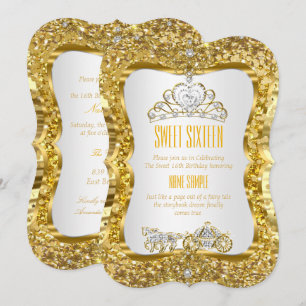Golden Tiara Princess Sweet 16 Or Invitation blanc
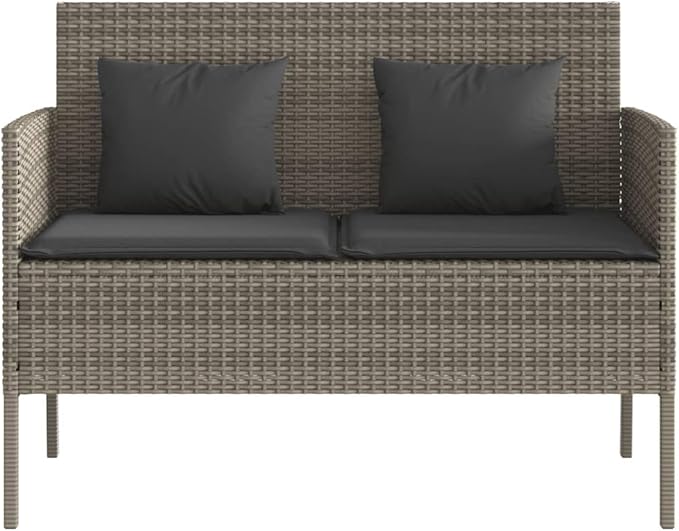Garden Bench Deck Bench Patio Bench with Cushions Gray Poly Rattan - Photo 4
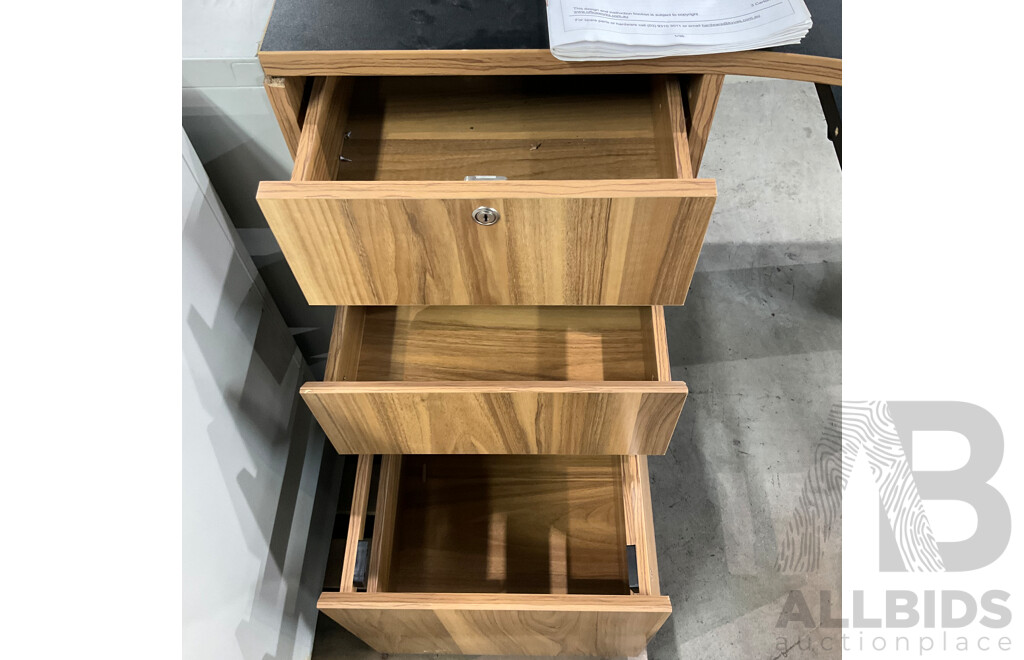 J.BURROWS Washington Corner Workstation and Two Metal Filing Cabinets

TASK TO CARRY OUT —
The material above is to be transcribed exactly, with its images omitted.

TASK RESULT —
Golden Tiara Princess Sweet 16 Or Invitation blanc
Garden Bench Deck Bench Patio Bench with Cushions Gray Poly Rattan - Photo 4
 J.BURROWS Washington Corner Workstation and Two Metal Filing Cabinets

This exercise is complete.